» **Exercise requirements**
Nothing but the line containing "Lenovo 01ER357 LABEL Geo Label KIT" and the lines after it in the entries below should appear, each repeated exactly.

» **Short descriptive text snippets**
Content starts

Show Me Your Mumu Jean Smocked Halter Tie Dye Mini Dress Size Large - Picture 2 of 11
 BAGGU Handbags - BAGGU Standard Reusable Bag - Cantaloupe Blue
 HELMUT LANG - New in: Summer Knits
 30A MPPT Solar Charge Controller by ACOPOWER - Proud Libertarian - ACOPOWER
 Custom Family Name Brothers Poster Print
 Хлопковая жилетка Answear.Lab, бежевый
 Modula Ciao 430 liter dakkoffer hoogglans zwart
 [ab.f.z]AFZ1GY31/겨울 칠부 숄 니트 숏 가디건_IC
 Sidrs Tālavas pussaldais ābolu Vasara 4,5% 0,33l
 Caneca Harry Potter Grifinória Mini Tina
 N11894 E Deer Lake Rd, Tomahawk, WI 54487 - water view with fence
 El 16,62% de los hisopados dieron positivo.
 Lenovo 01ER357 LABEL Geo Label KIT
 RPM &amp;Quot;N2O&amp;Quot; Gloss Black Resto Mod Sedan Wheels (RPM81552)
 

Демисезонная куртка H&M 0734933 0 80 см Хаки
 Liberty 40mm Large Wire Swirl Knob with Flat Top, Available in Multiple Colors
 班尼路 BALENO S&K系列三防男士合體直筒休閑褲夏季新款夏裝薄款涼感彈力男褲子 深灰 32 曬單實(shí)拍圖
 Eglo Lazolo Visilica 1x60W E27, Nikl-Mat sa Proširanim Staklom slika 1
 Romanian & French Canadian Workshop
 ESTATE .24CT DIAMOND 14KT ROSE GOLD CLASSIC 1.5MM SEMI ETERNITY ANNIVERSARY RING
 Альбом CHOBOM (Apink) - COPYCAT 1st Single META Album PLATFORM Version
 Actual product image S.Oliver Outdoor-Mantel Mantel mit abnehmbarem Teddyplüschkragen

Content ends

» **Answer section**
 Lenovo 01ER357 LABEL Geo Label KIT
 RPM &amp;Quot;N2O&amp;Quot; Gloss Black Resto Mod Sedan Wheels (RPM81552)
 

Демисезонная куртка H&M 0734933 0 80 см Хаки
 Liberty 40mm Large Wire Swirl Knob with Flat Top, Available in Multiple Colors
 班尼路 BALENO S&K系列三防男士合體直筒休閑褲夏季新款夏裝薄款涼感彈力男褲子 深灰 32 曬單實(shí)拍圖
 Eglo Lazolo Visilica 1x60W E27, Nikl-Mat sa Proširanim Staklom slika 1
 Romanian & French Canadian Workshop
 ESTATE .24CT DIAMOND 14KT ROSE GOLD CLASSIC 1.5MM SEMI ETERNITY ANNIVERSARY RING
 Альбом CHOBOM (Apink) - COPYCAT 1st Single META Album PLATFORM Version
 Actual product image S.Oliver Outdoor-Mantel Mantel mit abnehmbarem Teddyplüschkragen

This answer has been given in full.